As Buckingham, Stopford affected an upper-class British accent. He claimed to be the son of diplomats who died in a plane crash in Egypt in 1982. He also claimed to have attended Harrow School and Cambridge University, and to be the owner of a manor house. Beginning in 1997, he adopted the title 'Earl of Buckingham', a peerage that has been extinct since 1687, and claimed to have a seat in the House of Lords. He had stationery which bore the moniker 'Lord Buckingham' and a Buckingham coat of arms which had last been held in the early 1700s.

He met Jody Hussey, a 19 year old Canadian student, while in West Germany in 1984. They married on December 7, 1984, at Watford Registry Office. They had two children, Lindsey and Edward, before divorcing in 1997.

Stopford lived in both England and Germany, where he rented an apartment in Hohentengen. He was working as an information technology security consultant in Switzerland at the time of his arrest.

Stopford is also known to have used the names Hans Peter Schmidt and Alexi Romanov.

==Arrest and identification==
Whilst attempting to enter England from France in January 2005, Stopford was arrested when a passport check found that his personal information matched with that of a deceased infant. Stopford refused to reveal his true identity and nationality, leading to tabloid speculation he could have been a fugitive or a former East German spy. In an effort to determine Stopford's nationality, a recording of his police interview was sent to several forensic speech experts who analyzed his speech patterns and concluded he was likely American. On 11 October he pleaded guilty to making an untrue statement to obtain a passport. He was convicted of passport fraud and sentenced to 22 months in HM Prison Elmley. His sentence was reduced to 9 months on appeal and he was released into the custody of the UK Immigration Service in February 2006.
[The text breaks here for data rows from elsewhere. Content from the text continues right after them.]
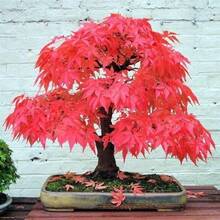 20pcs/ Bag Bonsai Blue Maple Tree Seeds Bonsai Tree Seeds. Rare Japanese Sky Blue Maple Seed. Balcony - Red - View 4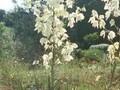 Yucca filamentosa Schneefichte Image 1
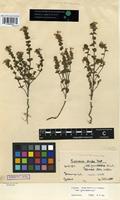 Type? of Euphrasia grandescens Wiinst. [family SCROPHULARIACEAE]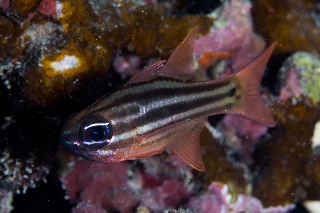 「オオスジイシモチ」のサムネイル画像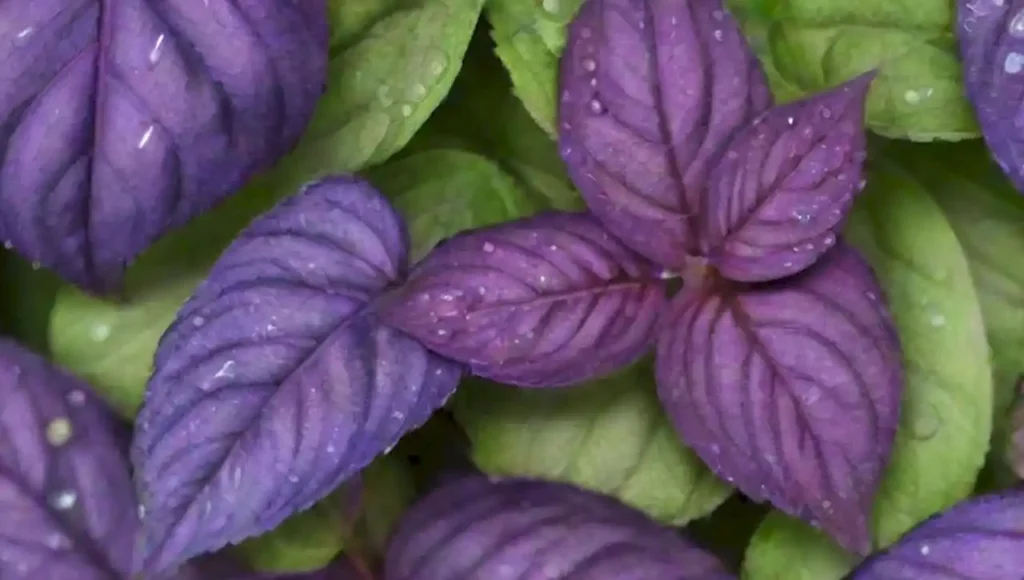 Escena mágica de hojas de albahaca púrpura en un jardín encantador.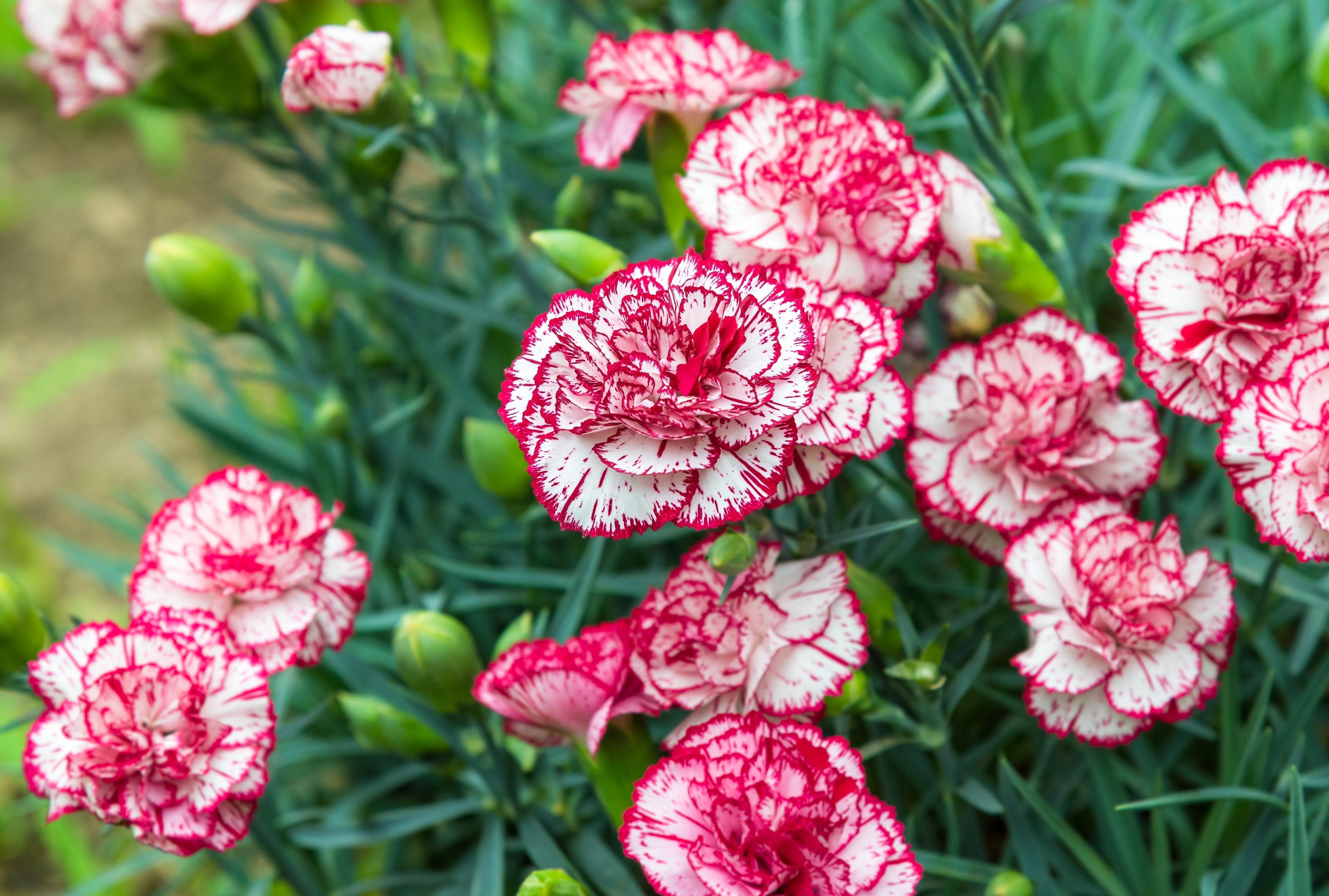 100 Mixed CARNATION / DOUBLE DIANTHUS Chinensis Flower Seeds
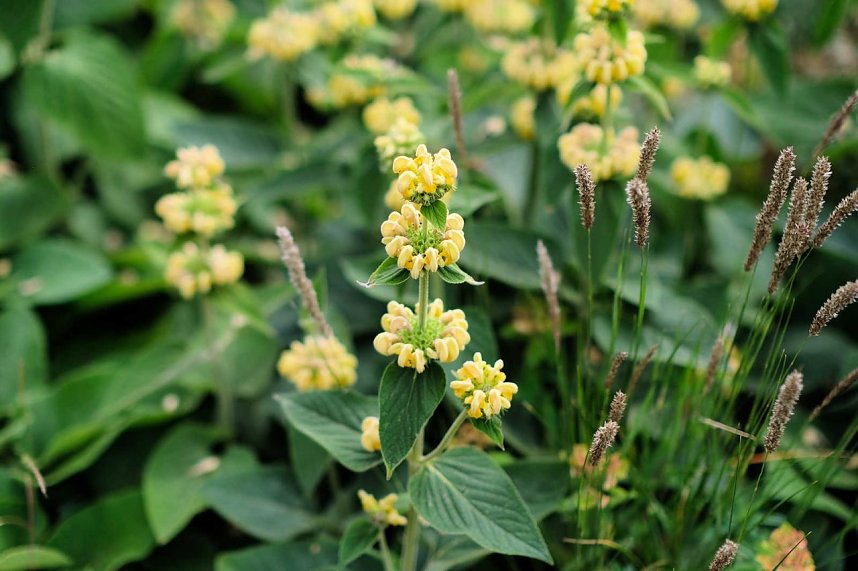 Entdeckungen auf dem Nordh&auml;user Petersberg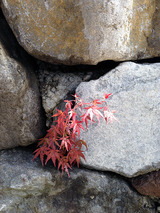 k_ishigaki003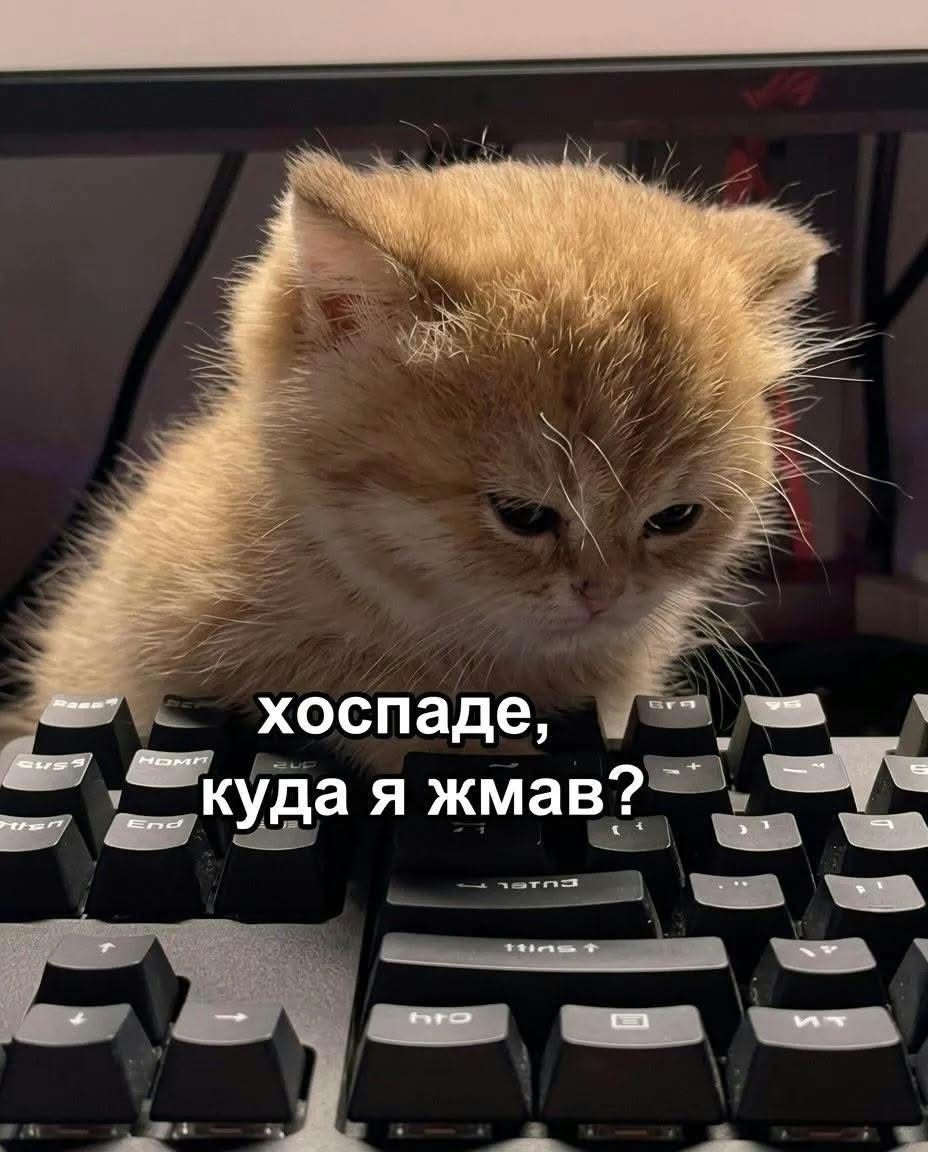 'Клята праця, як тебе працювати': українці зібрали найкращі меми для робочих чатів - фото 906743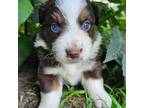 Australian Shepherd Puppy for sale in Harrah, OK, USA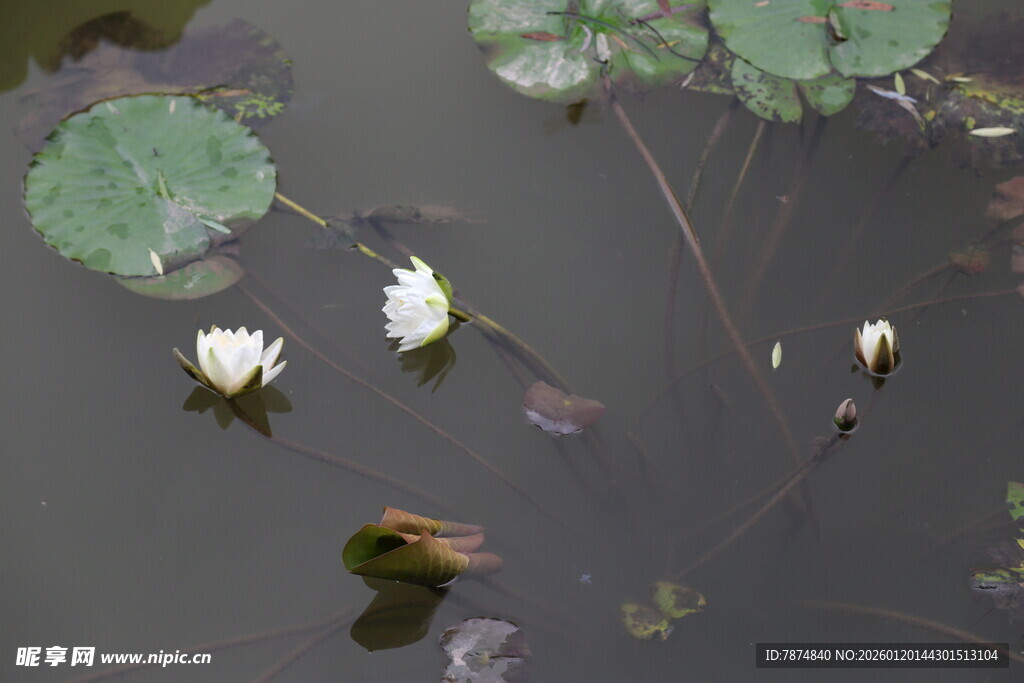 水中绽放的洁白睡莲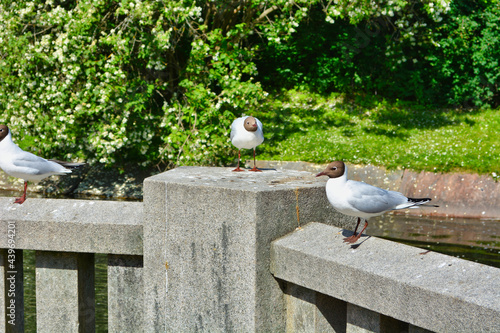 Vögel in einem Park am Wasser photo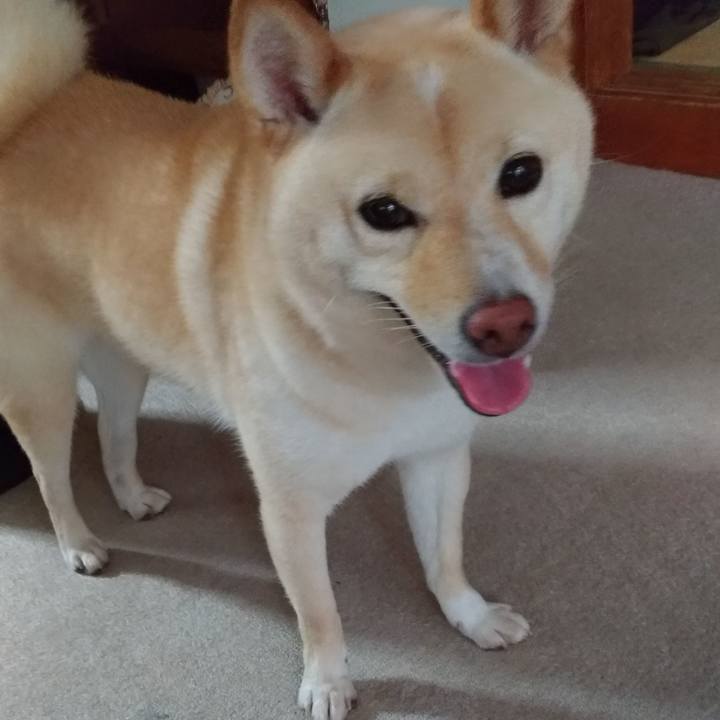 3e89ddb8 99b1 4ddb a1cb 524686f242ae 1594507667534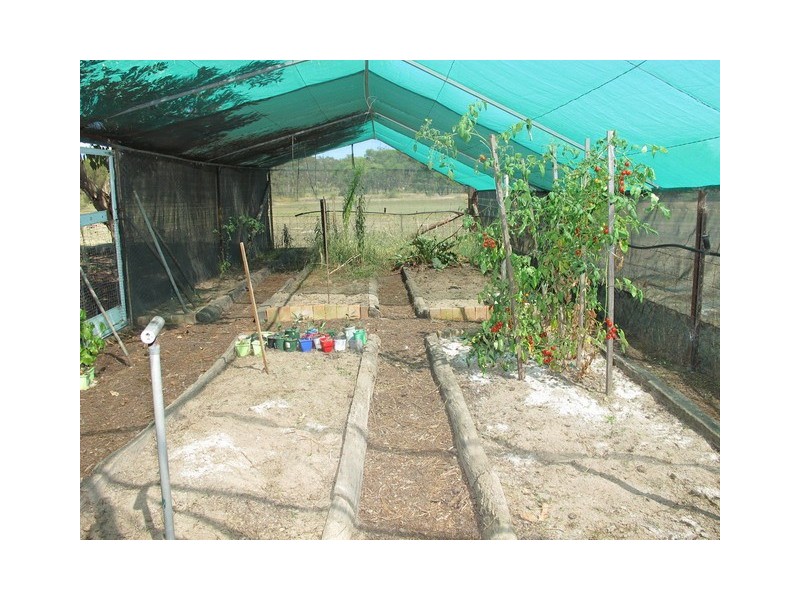 1131 Black Springs Road, Mudgee NSW 2850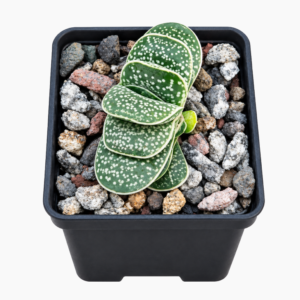 Gasteria-gracilis
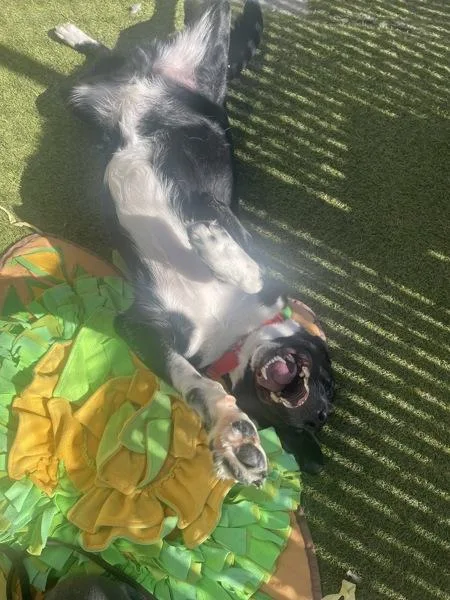 Pop Tart thumbnail 2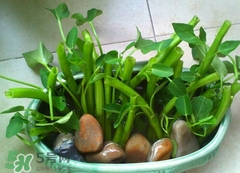 空心菜可以水养吗用塑料瓶还是玻璃瓶呢,空心菜可以水养吗?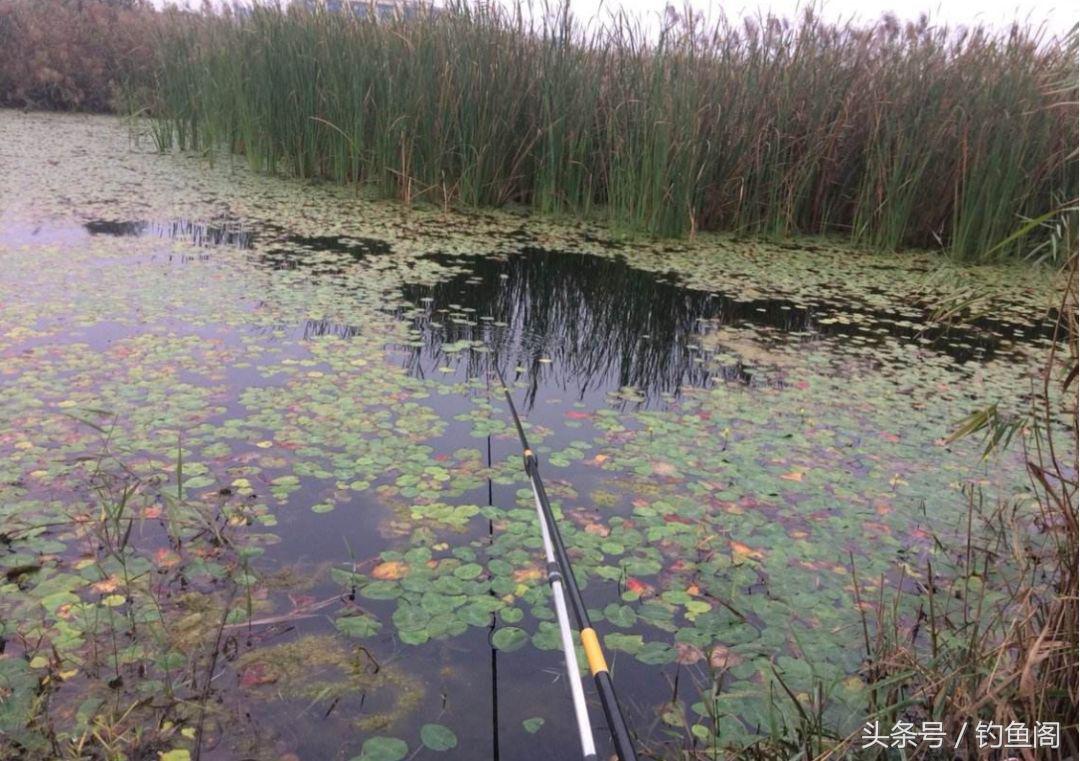 鱼总是浮在水面不动怎么钓,鱼起浮到水面了怎么钓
Stopford was identified when his family recognized him from a photograph in a news story and contacted British authorities. His identity was confirmed by a fingerprint check. He was deported from the United Kingdom and returned to Florida in July 2006. Stopford reunited with his family but claimed not to remember his past due to having suffered amnesia as a result of a car accident in 2002.

==In media==
The Stopford case was the subject of the Sky One documentary The Real Jackal and was featured in the BBC Three series Bizarre Crimes. Stopford's daughter wrote an article about her father, which was published in Cosmopolitan Magazine.